MORE THAN JUST THE CAR
Surprisingly for one of America’s largest carmakers, Ford’s advert wasn’t really about its cars. Instead, it focused on the technology and services around its cars: satellite navigation, a remote control app, automatic parking, electric charging, ride sharing, and even bike sharing. They’re all summed up as ‘new ways to help you move through life’, and they are all examples of how the automotive industry is adapting to new realities.
VALUES, NOT PRODUCTS
Audi’s ad was even less about cars than Ford’s. Instead, it was about gender equality. In an incredible sign of social progress, Audi decided to use their minute with the biggest television audience of the year to showcase their commitment to equal pay for women. And we think they did it very effectively, too.
Car ads that barely feature cars were very much a theme of this year’s Super Bowl. As well as Ford and Audi, Honda’s ad used a host of celebrities to reinforce its familiar message of ‘chasing dreams’, while Hyundai’s featured members of the armed forces being reunited with their families (through video-conferencing) to watch the big game.

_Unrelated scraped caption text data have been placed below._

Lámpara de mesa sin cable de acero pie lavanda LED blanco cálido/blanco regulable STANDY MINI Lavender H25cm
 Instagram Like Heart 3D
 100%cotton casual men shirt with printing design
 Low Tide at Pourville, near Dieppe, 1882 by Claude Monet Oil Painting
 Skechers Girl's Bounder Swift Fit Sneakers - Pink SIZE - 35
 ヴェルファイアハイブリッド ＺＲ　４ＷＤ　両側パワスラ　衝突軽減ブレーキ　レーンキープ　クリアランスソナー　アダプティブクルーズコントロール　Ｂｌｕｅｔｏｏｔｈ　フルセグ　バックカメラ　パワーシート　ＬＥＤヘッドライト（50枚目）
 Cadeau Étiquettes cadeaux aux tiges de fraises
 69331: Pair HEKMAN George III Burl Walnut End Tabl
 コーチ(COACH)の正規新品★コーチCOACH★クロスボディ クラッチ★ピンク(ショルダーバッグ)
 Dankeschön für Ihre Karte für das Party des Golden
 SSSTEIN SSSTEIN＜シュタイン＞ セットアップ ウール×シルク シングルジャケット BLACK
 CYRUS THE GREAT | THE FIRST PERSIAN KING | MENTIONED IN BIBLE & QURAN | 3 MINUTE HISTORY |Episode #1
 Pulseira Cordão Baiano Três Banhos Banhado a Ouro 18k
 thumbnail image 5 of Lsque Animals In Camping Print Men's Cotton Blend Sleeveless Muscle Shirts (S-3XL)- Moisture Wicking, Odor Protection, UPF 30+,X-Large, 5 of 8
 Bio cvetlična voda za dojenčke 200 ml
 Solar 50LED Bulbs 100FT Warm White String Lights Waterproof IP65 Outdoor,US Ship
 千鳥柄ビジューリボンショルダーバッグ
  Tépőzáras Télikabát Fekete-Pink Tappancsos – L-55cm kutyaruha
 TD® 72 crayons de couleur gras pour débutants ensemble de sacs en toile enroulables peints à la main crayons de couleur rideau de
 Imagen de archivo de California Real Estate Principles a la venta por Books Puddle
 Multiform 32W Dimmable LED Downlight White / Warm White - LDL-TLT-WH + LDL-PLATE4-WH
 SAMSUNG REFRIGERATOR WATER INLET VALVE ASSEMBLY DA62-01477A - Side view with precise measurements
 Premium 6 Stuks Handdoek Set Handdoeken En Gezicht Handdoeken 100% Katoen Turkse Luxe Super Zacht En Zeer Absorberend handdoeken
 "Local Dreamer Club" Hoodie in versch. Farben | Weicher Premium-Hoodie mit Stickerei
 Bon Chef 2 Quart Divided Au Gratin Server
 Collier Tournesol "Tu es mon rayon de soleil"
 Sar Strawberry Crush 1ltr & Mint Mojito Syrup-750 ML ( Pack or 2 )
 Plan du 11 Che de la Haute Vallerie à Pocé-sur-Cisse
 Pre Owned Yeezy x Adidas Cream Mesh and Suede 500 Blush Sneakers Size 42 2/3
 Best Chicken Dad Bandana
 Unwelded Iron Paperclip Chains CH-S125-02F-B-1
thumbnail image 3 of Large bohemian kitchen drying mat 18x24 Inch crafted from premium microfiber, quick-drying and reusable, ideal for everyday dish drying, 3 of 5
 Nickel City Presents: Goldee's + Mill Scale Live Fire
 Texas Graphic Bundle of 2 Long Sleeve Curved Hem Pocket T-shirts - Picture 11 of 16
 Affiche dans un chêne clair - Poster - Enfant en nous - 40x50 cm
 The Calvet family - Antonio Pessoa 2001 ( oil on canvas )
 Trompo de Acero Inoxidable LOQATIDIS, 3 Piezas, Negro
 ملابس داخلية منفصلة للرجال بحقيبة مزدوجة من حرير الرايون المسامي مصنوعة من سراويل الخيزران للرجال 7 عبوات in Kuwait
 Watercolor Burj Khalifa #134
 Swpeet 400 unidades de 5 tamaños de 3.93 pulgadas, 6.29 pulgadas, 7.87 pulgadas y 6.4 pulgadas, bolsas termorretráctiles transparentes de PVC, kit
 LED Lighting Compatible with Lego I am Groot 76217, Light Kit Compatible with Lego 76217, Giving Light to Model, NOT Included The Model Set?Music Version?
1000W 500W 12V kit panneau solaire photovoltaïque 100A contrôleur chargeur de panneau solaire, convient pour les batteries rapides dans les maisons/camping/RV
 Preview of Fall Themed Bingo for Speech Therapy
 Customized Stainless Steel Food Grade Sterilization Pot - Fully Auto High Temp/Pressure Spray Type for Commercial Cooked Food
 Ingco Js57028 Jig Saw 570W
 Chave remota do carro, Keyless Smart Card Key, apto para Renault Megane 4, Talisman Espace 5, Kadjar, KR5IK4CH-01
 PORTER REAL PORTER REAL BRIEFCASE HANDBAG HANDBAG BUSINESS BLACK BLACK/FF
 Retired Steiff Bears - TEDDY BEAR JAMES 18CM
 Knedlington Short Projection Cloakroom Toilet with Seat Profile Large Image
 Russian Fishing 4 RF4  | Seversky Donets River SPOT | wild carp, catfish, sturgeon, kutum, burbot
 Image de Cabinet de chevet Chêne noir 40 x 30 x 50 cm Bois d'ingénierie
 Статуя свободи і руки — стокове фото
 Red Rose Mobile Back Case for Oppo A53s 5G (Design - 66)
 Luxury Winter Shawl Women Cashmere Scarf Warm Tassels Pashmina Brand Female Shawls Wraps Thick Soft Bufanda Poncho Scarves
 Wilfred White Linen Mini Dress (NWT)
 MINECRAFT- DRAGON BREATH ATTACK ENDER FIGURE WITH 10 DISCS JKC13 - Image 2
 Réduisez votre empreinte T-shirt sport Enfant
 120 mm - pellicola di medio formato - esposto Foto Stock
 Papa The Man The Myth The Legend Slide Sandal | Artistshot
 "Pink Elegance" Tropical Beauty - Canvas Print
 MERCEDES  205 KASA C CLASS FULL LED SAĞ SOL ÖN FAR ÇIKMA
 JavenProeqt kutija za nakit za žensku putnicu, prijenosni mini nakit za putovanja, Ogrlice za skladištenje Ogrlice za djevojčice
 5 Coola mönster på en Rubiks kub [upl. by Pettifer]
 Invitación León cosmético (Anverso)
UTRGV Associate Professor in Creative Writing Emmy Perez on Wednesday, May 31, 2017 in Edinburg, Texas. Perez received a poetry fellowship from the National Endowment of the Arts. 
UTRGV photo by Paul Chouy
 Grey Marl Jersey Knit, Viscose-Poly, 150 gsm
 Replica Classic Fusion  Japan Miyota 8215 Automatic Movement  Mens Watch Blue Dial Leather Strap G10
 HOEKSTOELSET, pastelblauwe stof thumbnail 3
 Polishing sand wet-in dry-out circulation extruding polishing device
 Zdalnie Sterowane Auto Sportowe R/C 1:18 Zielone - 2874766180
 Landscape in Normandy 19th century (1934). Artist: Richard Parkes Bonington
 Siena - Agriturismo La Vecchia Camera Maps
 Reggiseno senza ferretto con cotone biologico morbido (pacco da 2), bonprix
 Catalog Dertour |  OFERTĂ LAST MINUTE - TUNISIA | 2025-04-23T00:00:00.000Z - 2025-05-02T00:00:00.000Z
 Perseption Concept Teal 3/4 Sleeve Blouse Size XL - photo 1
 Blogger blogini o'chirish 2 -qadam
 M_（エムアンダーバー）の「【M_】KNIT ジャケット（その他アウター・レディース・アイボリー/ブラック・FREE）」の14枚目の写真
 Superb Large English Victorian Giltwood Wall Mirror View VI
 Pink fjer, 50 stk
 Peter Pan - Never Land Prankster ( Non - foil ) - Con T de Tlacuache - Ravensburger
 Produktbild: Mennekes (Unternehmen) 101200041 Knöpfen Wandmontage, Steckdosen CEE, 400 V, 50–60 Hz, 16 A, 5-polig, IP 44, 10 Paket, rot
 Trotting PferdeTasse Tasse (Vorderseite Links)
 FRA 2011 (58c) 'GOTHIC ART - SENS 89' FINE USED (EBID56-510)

Like Audi’s, it was all about emphasising the company’s values rather than its products.
Of course, there were also ads with the more traditional message: ‘Our cars are cool.’ Both Alfa Romeo’s and Lexus’s fell squarely into this camp. The advert for the new Mercedes-AMG GT Roadster did too, but was worth watching for its tribute to the ’60s classic Easy Rider and the fact that it was directed by the multi-Oscar-winning Coen brothers.